5. Januar 2020

Immer mehr Demenzkranke in Deutschlands Kliniken

Bonn –Deutschlands Krankenhäuser müssen umdenken. „Die Zahl der Patienten mit Demenz nimmt in den Krankenhäusern stetig zu“, mahnt der Vorsitzende des Katholischen Krankenhausverbandes Deutschland (kkvd), Theo Paul. „Für sie müssen die Krankenhäuser besondere Sorge übernehmen.“

Einig sind sich die Experten auch, dass das Problem in der alternden Gesellschaft zunehmen wird. 2016 wurden in Deutschland 8,56 Millionen Patienten über 65 Jahren stationär in allgemeinen Fachabteilungen behandelt. Das entspricht einem Anteil von 44,7 Prozent aller Behandelten.
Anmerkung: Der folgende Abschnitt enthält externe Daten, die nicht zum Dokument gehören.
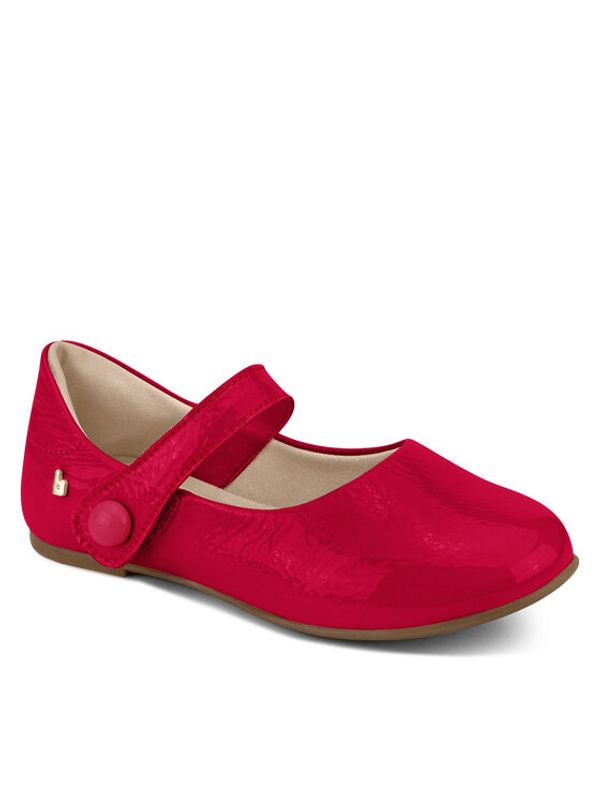 Bibi Bibi Балеринки Ballerina 1171014 Червен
Tendenz steigend.

„Vielfach werden Demenzerkrankungen erst während des Klinikaufenthaltes bemerkt, manchmal gar nicht“, betont die Deutsche Alzheimer Gesellschaft. Die Patienten kommen mit Knochenbrüchen oder Lungenentzündungen, benötigen aber häufig viel mehr als die übliche Behandlung.
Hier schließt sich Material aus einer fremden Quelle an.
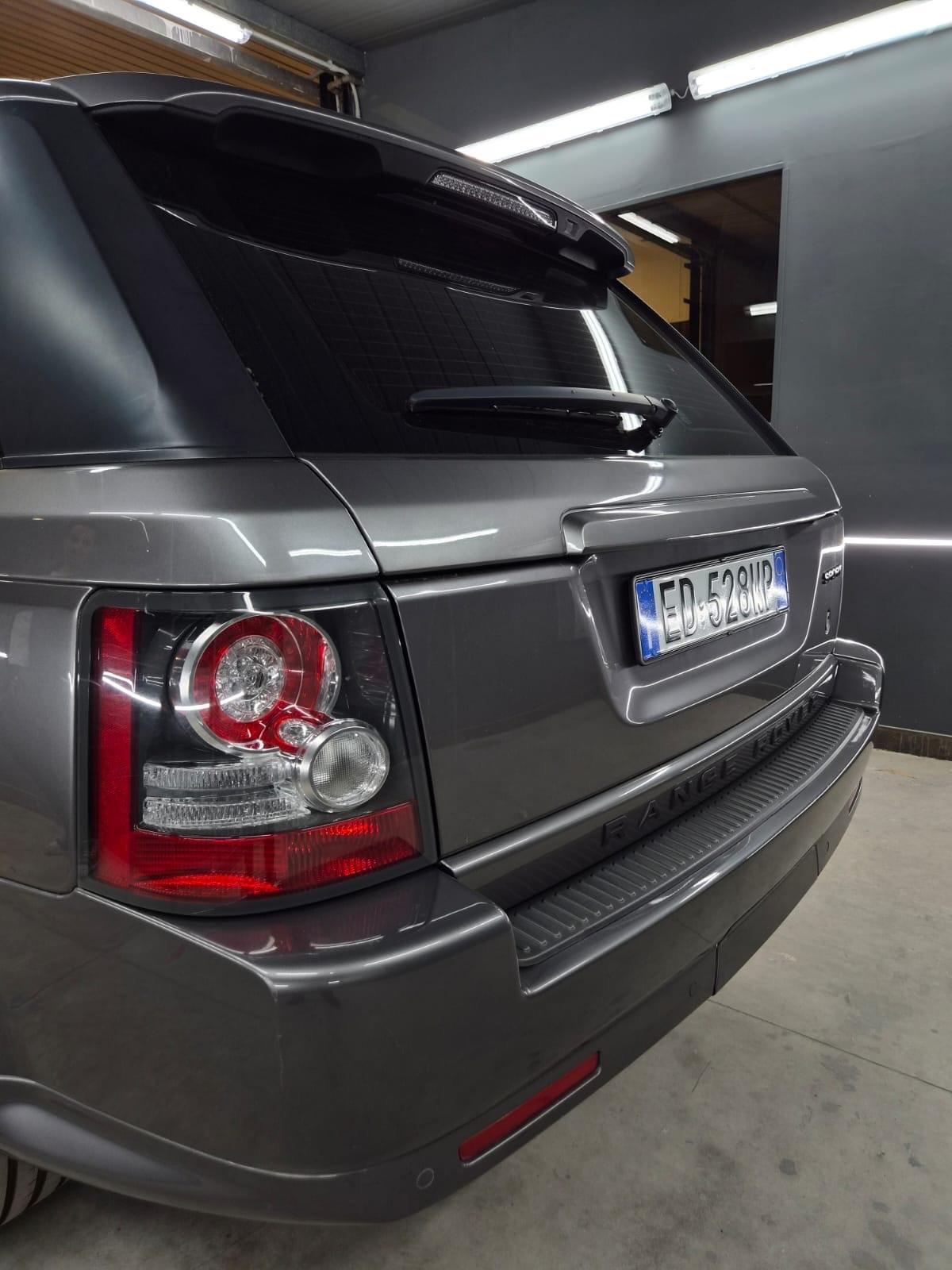 Land Rover Range Sport 3.0 SDV6 SE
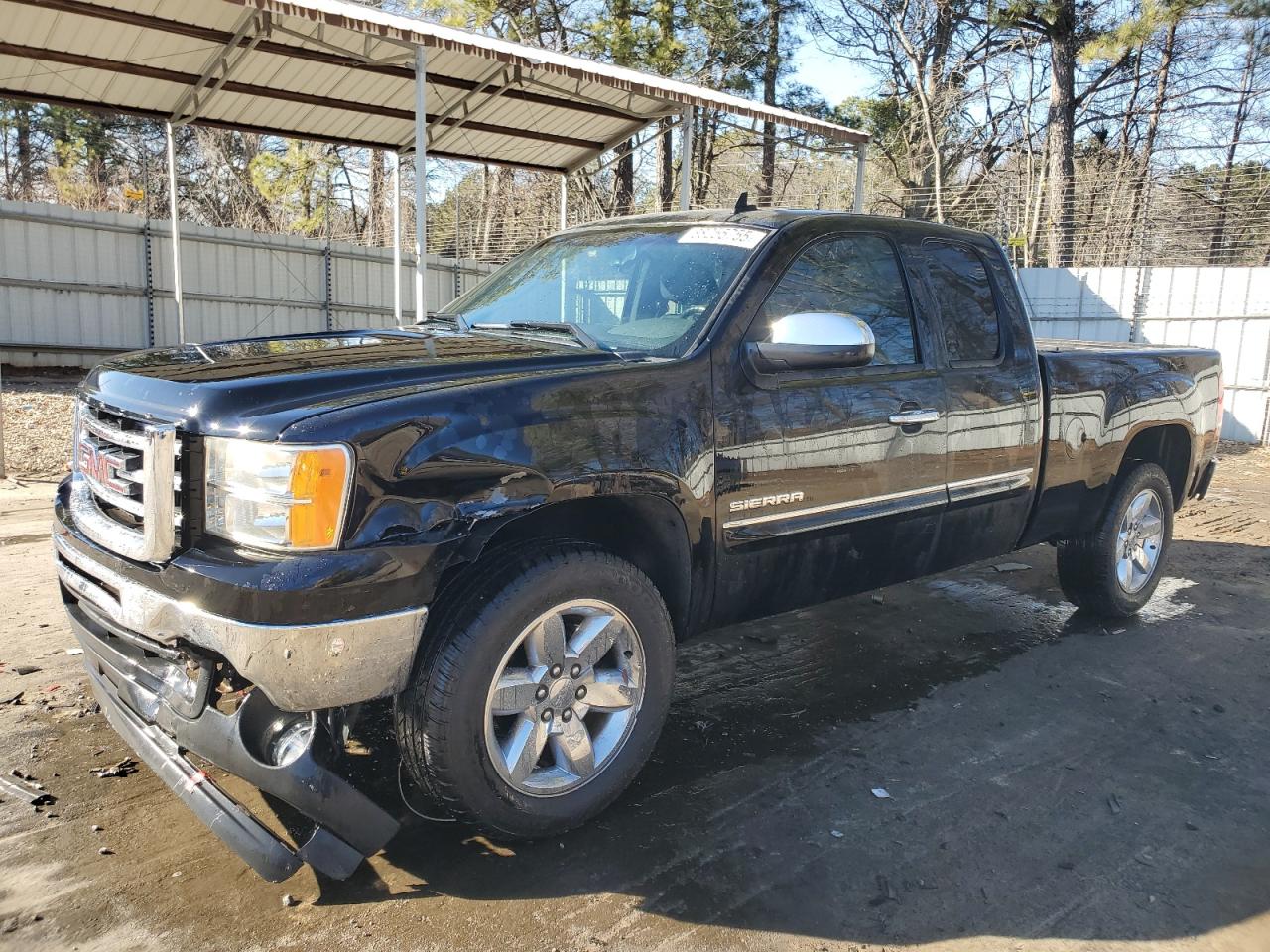 GMC SIERRA C15 2013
Eine Ende 2018 im Deutschen Ärzteblatt veröffentlichte repräsentative Studie zu Kranken­häusern in Bayern und Baden-Württemberg zeigt das Ausmaß des Problems. Danach wiesen 40 Prozent der über 65 Jahre alten Krankenhauspatienten kognitive Beeinträchtigungen auf, mehr als 18 Prozent waren an Demenz erkrankt. Nur bei 36,7 Prozent der Patienten mit Demenz enthielt die Krankenakte entsprechende Hinweise.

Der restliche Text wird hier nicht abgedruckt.